* **WHAT THE EXERCISE ASKS**:
From the entries that follow, copy each line in which "River" appears.

Caption-style text data:
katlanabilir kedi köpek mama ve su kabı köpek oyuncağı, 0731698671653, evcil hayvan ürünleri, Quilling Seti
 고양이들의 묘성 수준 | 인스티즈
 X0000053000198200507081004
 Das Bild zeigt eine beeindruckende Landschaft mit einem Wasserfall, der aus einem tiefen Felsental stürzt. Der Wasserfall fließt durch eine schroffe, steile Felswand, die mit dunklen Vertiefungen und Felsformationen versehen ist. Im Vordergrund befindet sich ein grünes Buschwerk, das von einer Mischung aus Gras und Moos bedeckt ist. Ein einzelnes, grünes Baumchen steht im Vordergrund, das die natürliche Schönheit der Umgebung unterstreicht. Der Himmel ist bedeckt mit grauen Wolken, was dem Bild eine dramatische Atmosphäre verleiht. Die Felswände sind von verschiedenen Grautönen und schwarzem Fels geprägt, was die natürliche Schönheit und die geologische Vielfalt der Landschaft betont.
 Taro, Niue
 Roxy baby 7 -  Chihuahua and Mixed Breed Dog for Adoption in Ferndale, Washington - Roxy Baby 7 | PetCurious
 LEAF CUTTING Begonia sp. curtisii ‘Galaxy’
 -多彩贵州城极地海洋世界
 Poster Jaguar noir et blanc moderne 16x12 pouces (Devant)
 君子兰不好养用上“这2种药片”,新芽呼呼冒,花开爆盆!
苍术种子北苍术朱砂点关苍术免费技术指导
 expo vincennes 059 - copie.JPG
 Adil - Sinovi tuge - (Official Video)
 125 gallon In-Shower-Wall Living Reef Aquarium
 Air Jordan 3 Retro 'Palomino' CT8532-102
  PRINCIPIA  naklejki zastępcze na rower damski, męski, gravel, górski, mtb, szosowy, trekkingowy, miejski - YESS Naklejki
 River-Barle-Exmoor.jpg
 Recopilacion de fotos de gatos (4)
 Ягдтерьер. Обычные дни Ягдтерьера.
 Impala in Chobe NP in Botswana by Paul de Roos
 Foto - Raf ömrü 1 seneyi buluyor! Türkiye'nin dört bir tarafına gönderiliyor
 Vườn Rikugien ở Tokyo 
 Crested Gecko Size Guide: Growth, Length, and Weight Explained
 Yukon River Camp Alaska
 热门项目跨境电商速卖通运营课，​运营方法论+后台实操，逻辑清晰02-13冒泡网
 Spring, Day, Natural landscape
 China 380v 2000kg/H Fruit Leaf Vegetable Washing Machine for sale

* **RESPONSE**:
 River-Barle-Exmoor.jpg
 Yukon River Camp Alaska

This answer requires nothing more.